Nowadays, Beef Chow Fun mainly refers to the dry fried beef hofun, as opposed to the one that is thickened with a cornstarch-based sauce. The dish was said to have come into being in occupied Guangzhou in the 1930s, at a Zok Fun Meen (congee and noodles) stall, one of the typical eateries in the city at the time, apart from teahouses and restaurants. In those days, rice noodles were mainly cooked in sauces. One day, the stall had run out of cornstarch, but a customer insisted on having fried noodles, so the chef had no choice but to improvise. He fired the wok up to scorching, threw in a few slices of meat and vegetables before chucking in some hofun, quickly flipped them around a bit and served it up to the demanding customer, hoping to get rid of him. The customer returned every day, asking for the same thing.

Nowadays, restaurants in Guangzhou often add Chinese chives to the mix and offer supplementary chilli oil or garlic chilli sauce. The fragrance of the alliums offset nicely the taste of succulent tenderized beef. As the hofun slides smoothly into your mouth, it feels smooth yet just chewy enough when you bite into it. Your palate is filled with a distinct ‘smoky’ or ‘burnt’ aroma. This is known wok hei, an intangible aroma that cannot be traced from any sauce or ingredient, but is the result of complex chemical reactions when the food is cooked in iron crockery at a very high temperature, as part of the Chinese cooking technique of gouhuo (wrapping the food briefly in a warm orange flame). The aroma is very hard to define yet, highly valued in Cantonese cuisine, and something I try to replicate in my own flash fries.

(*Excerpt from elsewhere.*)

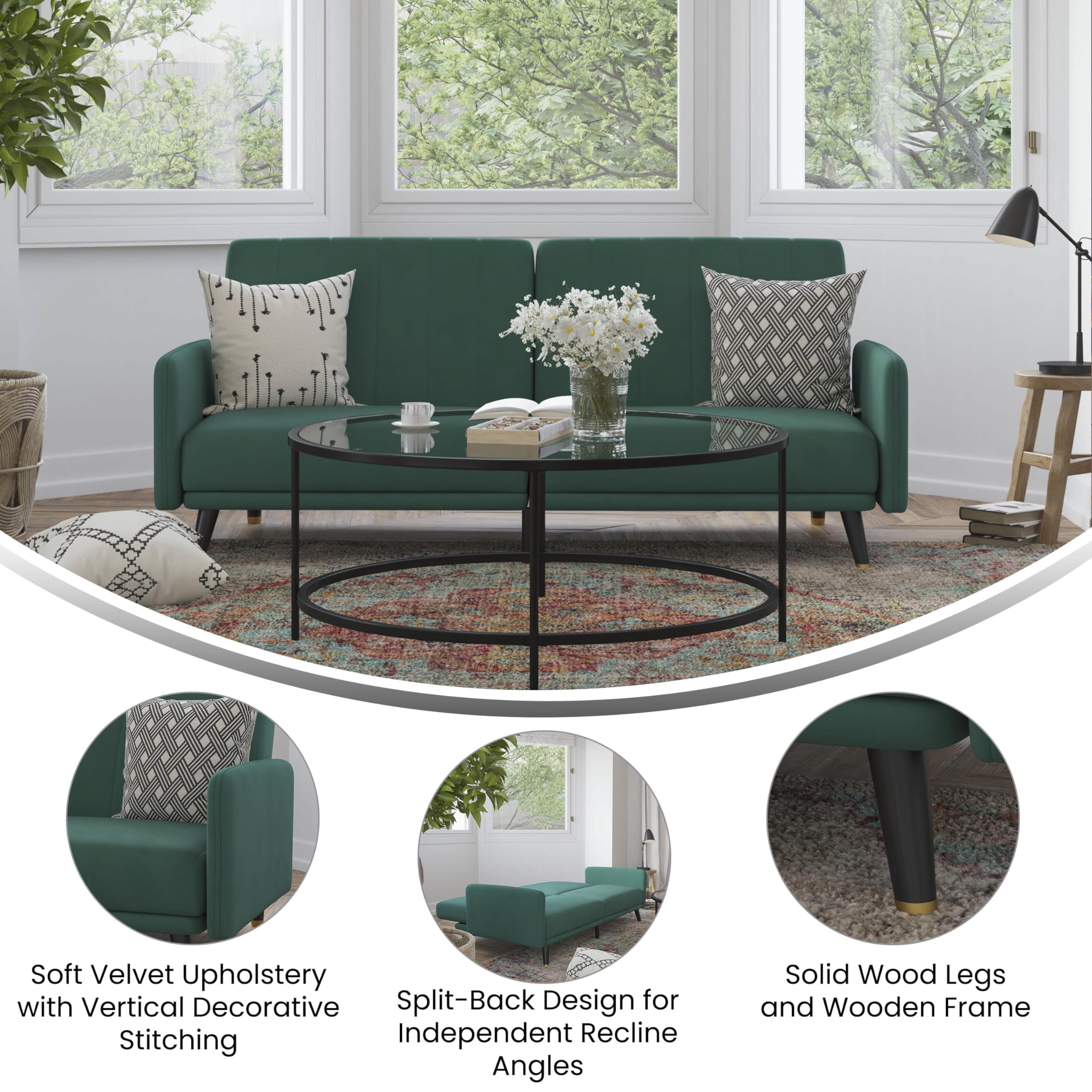 Flash Furniture Sophia Premium Split Back Sofa Futon - Emerald Green Velvet Upholstery - Solid Wood Legs - Convertible Sleeper Couch For Small Spaces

Although it sounds simple, but the Chau Au Hoh is not an easy dish to perfect, it must be done quickly, crisply and without hesitation, but not so abruptly or with so much force as the break the tender fresh hofun, nor should they stick to the wok, or be overly greasy. A great plate of Beef Chow Fun is a good measure of the skills of any Cantonese chef.

After my family moved to Britain, the dish would still be a frequent lunch, often with pork slices replacing the beef. Needless to say, it never tasted the same as the ones I had eaten in Guangzhou. I do not cook or order it often myself, for the very same reason. Yet, wherever I come across this dish abroad, not only does the sight, smell and taste of Guangzhou, Beef Chow Fun come right back to me, but bustling arcaded streets, the morning hubbub of teahouses and winding, cicada-serenaded alleys under the hot summer sun.